Problem details: Print, word for word, only the lines from the one with "Property photo 3 of 12 Ccltd7.Jpg" down to the last line of the listing below; no pictures.

The records:
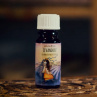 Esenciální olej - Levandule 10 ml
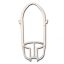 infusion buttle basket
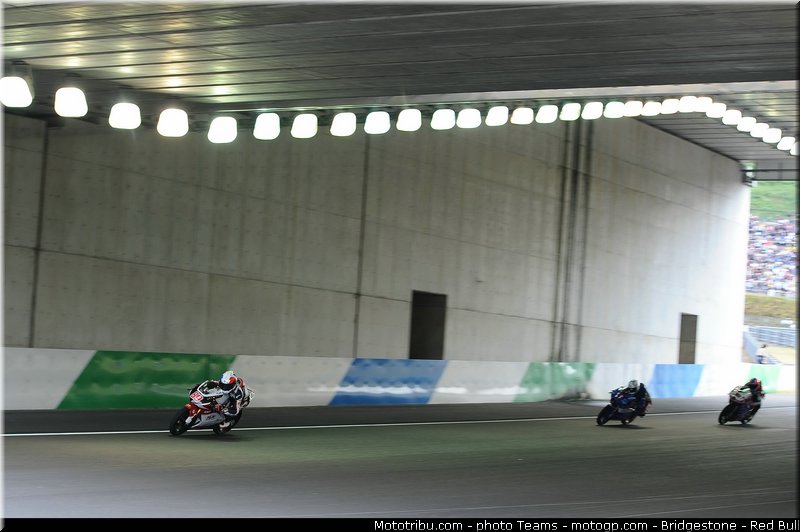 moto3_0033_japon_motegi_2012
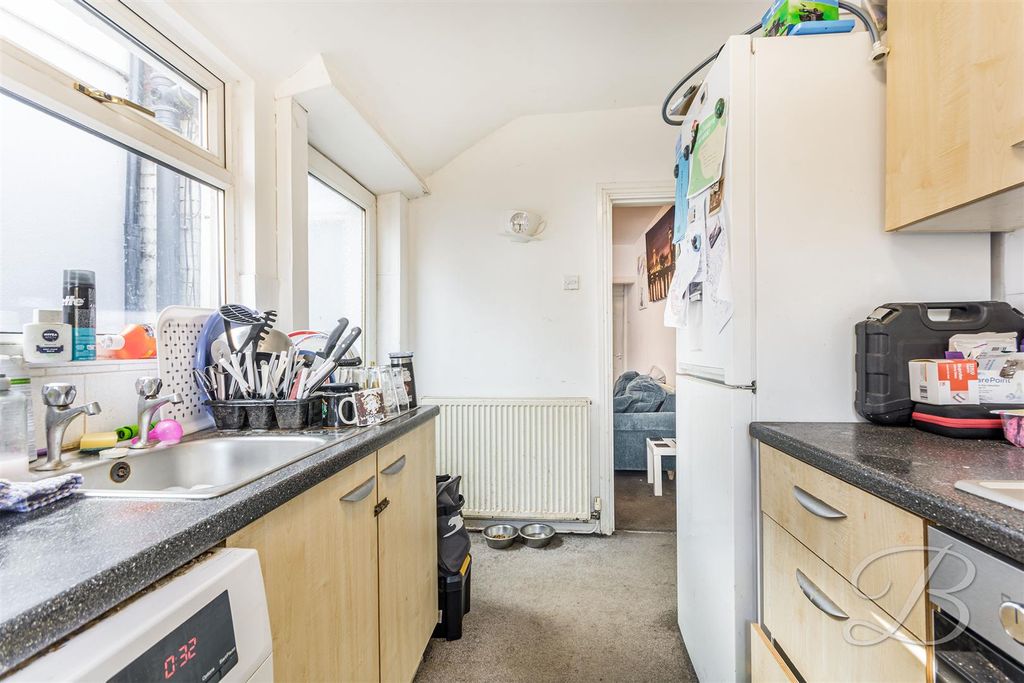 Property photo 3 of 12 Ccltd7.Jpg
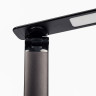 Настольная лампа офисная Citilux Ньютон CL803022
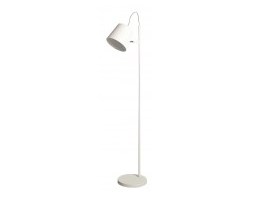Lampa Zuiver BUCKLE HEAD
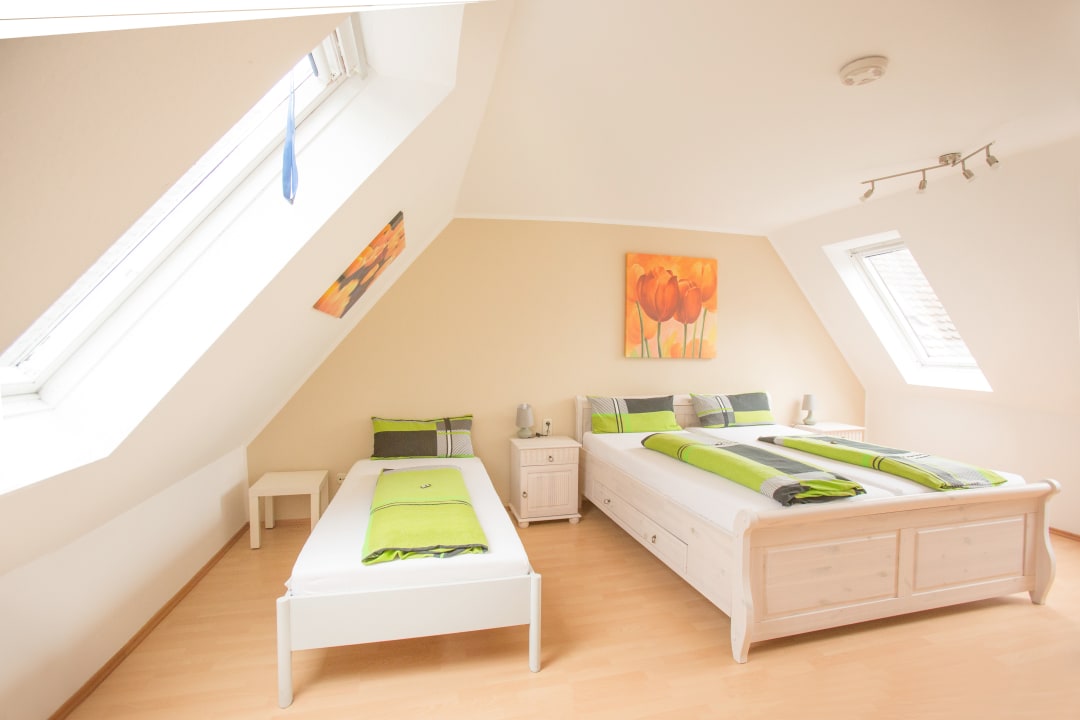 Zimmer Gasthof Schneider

Solution to this exercise:
 Property photo 3 of 12 Ccltd7.Jpg
 Настольная лампа офисная Citilux Ньютон CL803022
Lampa Zuiver BUCKLE HEAD
 Zimmer Gasthof Schneider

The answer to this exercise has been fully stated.